Only the lines below from the one that contains "Bi kịch của" through the one that contains "Ppt Lupus Erythematosus" should appear in your answer, exact and without pictures.

- _The input_:

****************************************

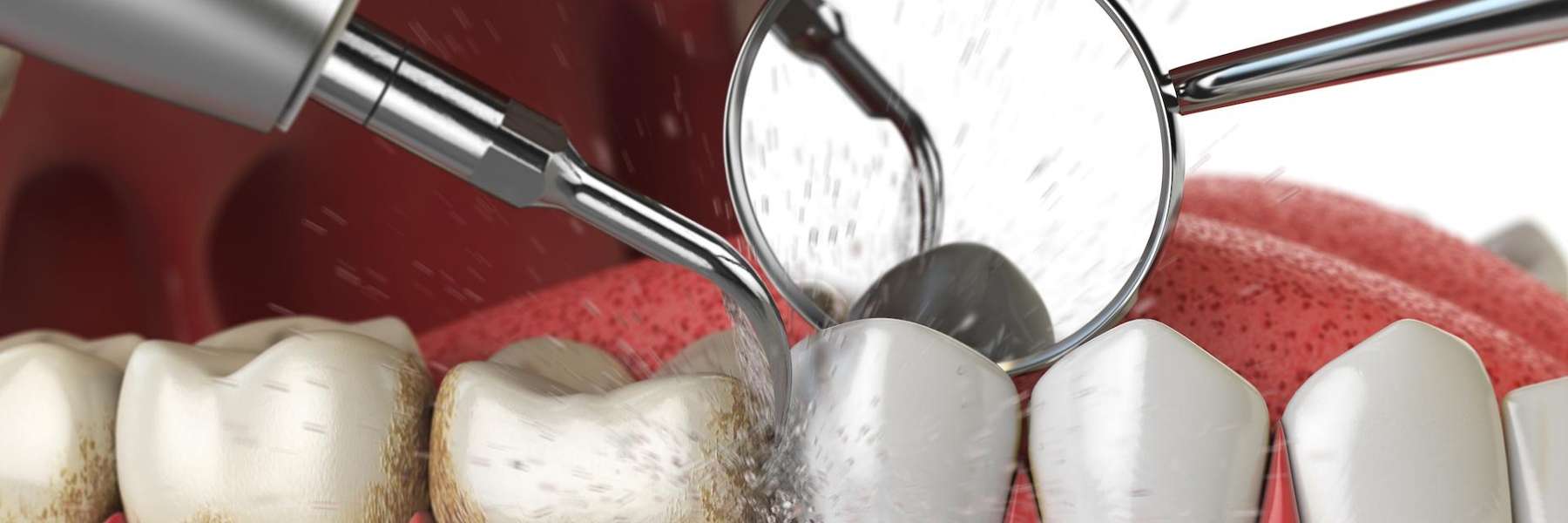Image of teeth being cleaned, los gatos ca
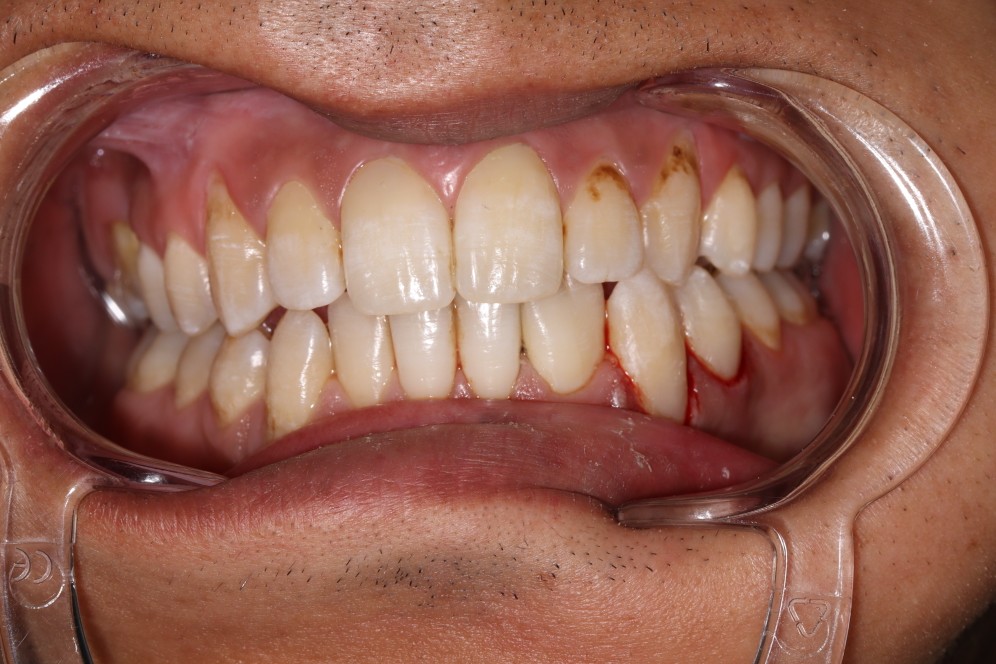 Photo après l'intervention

****************************************

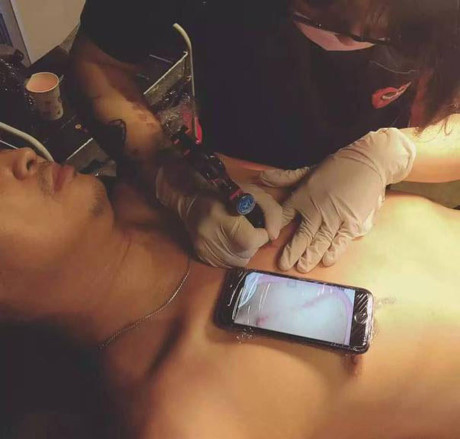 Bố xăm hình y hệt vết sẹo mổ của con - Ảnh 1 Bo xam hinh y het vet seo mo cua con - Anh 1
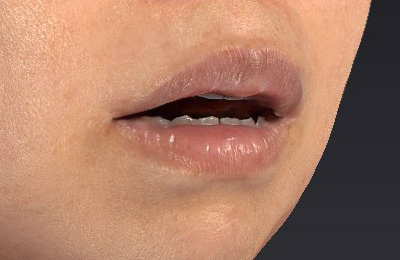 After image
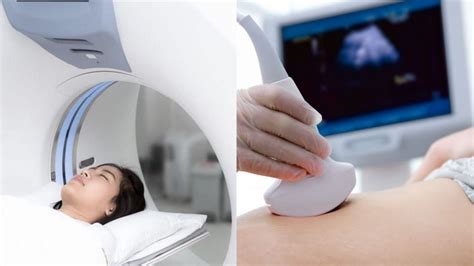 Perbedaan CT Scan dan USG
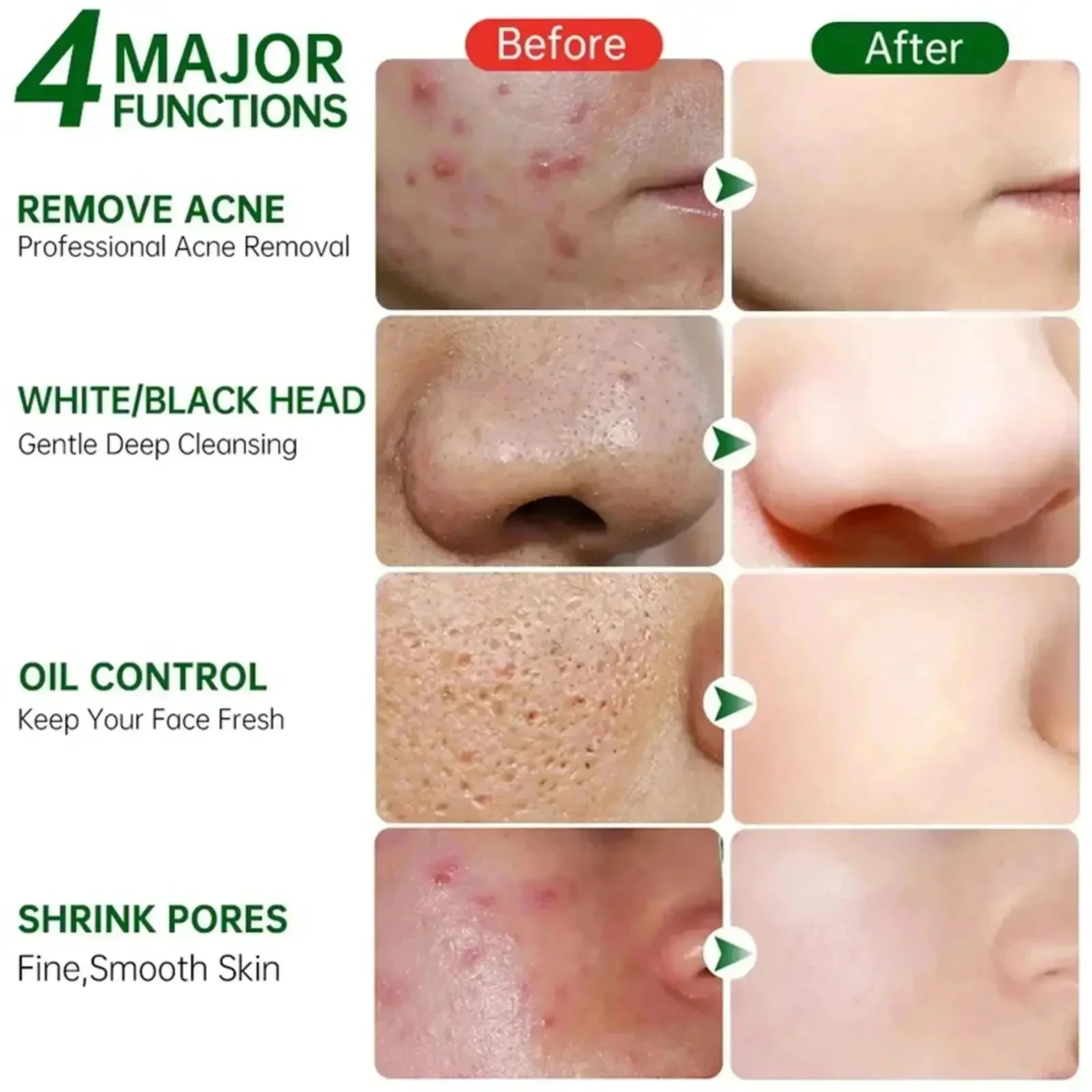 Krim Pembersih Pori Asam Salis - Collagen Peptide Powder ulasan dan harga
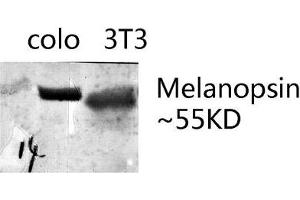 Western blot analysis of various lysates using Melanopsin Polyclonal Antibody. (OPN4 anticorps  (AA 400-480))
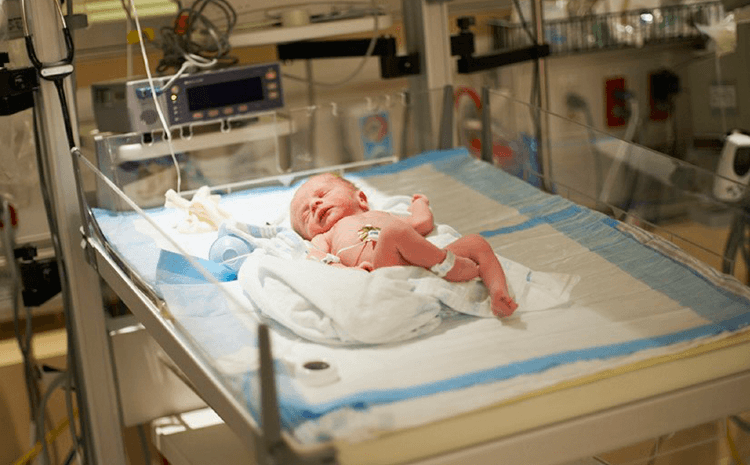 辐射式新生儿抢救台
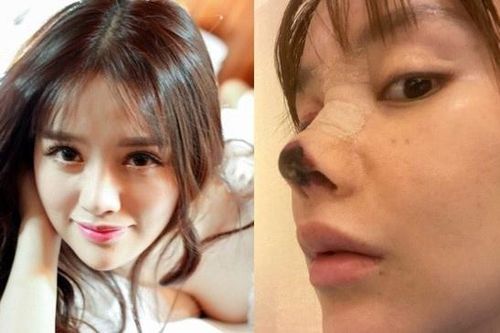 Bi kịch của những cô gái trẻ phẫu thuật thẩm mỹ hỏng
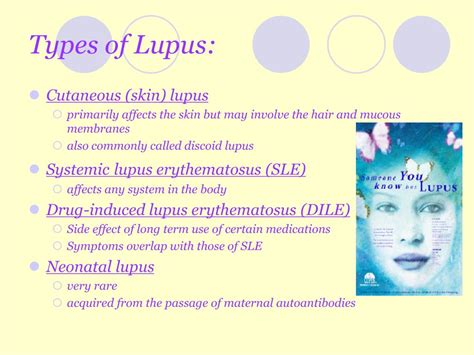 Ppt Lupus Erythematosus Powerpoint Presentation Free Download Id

****************************************

- _Exercise answer_:
 Bi kịch của những cô gái trẻ phẫu thuật thẩm mỹ hỏng
 Ppt Lupus Erythematosus Powerpoint Presentation Free Download Id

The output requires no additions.